As this holiday can be triggering and downright traumatic for women dealing with betrayal, we are grateful for Rhyll Croshaw’s perspective on our blog post today. Rhyll is the author of What Can I Do About Me? and the co-founder of SA Lifeline Foundation. Thanks, Rhyll, for sharing your strength, hope, and experience with all of us.
From Rhyll:
As Valentine’s Day rolls around again, I contemplate the last 45 years of Valentine’s Days in my marriage. I may not actually remember them all in detail, but I do remember how I felt for most of them. And a lot has changed!
Early on in my marriage, I desperately wanted to feel connected, loved, and romanced. At least on Valentine’s Day…right? That’s not such a bad expectation. I often put hours of thought and planning into a hopefully romantic and connected Valentine’s…to no avail. I bought the gushy cards and even gifts. Trying to figure out my husband’s love language, I read books about connection and communication. I/we always came up short. It wasn’t like he didn’t try..sometimes …he did try. But something big was missing.
It took over 30 years before we both came to understand what we were dealing with. My husband had a sex addiction. He couldn’t connect. He couldn’t love. He wasn’t capable of loving and connecting while in his addiction.

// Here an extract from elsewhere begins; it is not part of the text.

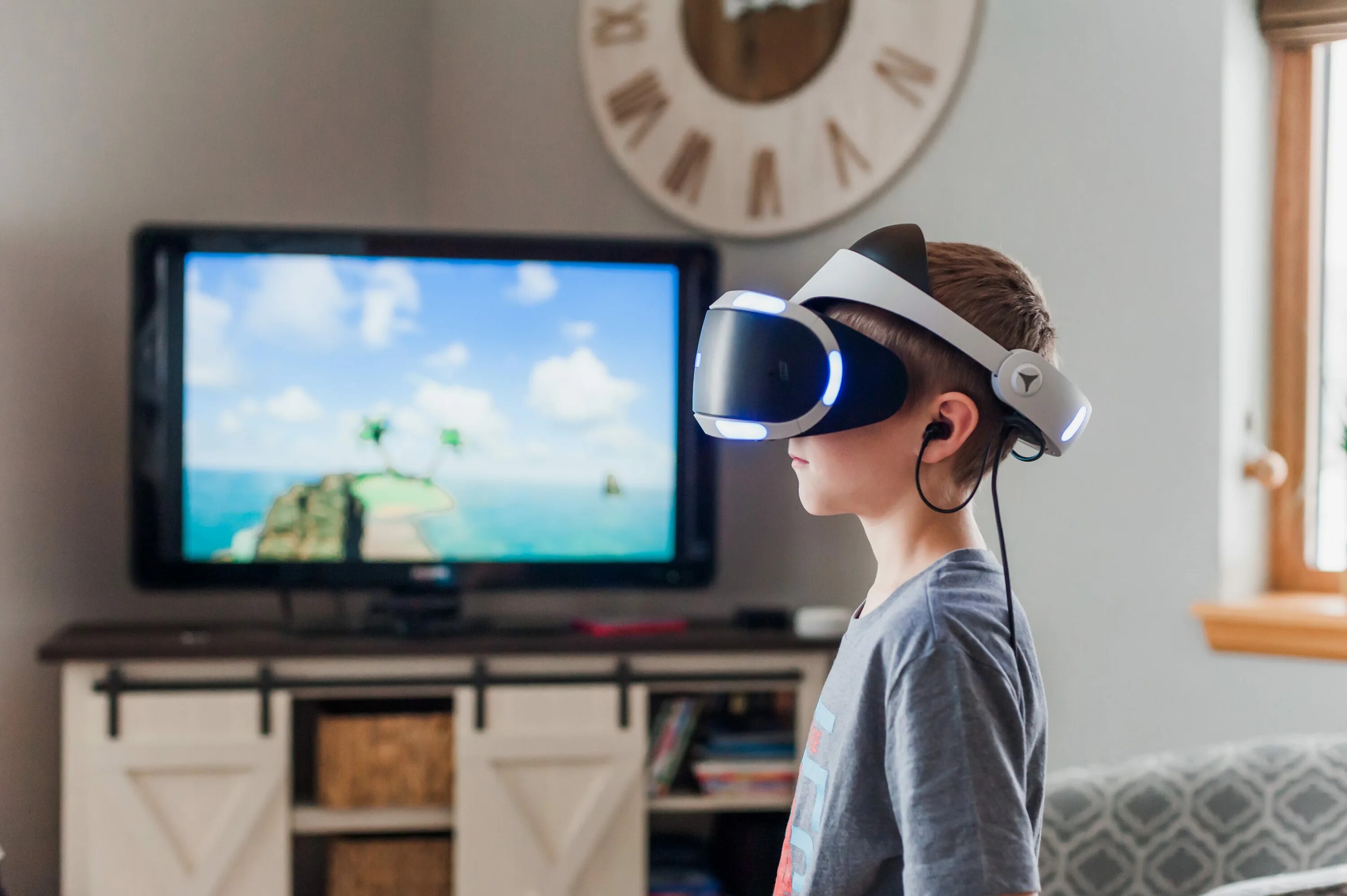 Очки виртуальной реальности. Ребенок в шлеме виртуальной реальности. Виртуальные очки дети. VR виртуальная реальность.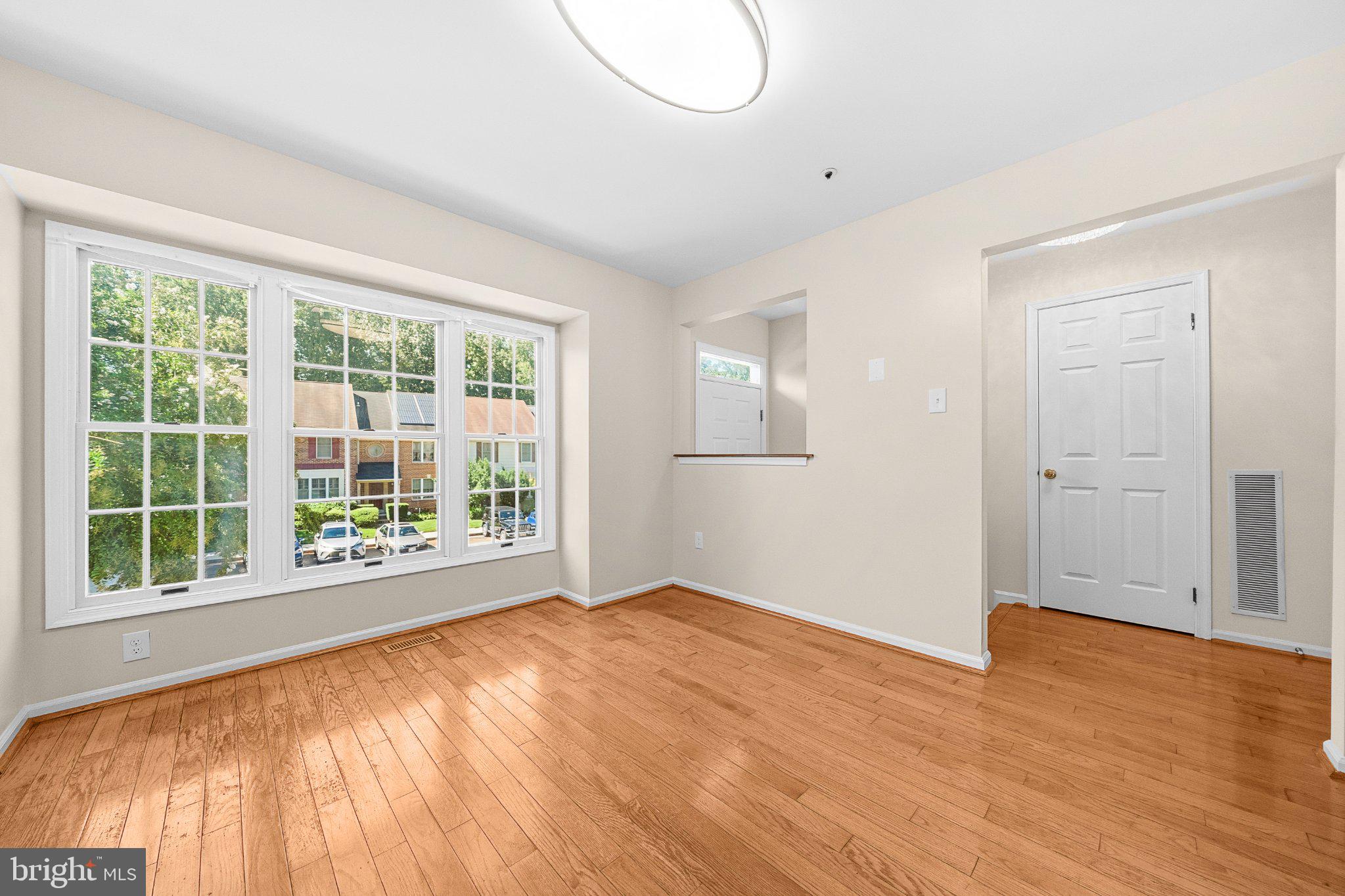 8733 BIRKENHEAD COURT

I also began to understand what I was dealing with. I was experiencing betrayal trauma. In my trauma I felt desperate, frustrated, very sad and disappointed. Not all the time, but especially when I had big expectations.
One February day as I was walking through a store not long after our third disclosure , I spotted a cute little pillow embroidered with the words “and they lived happily ever after.” I stopped, stared at it, and had a sarcastic thought come to mind…. “that is so fake, nobody lives happily ever after.”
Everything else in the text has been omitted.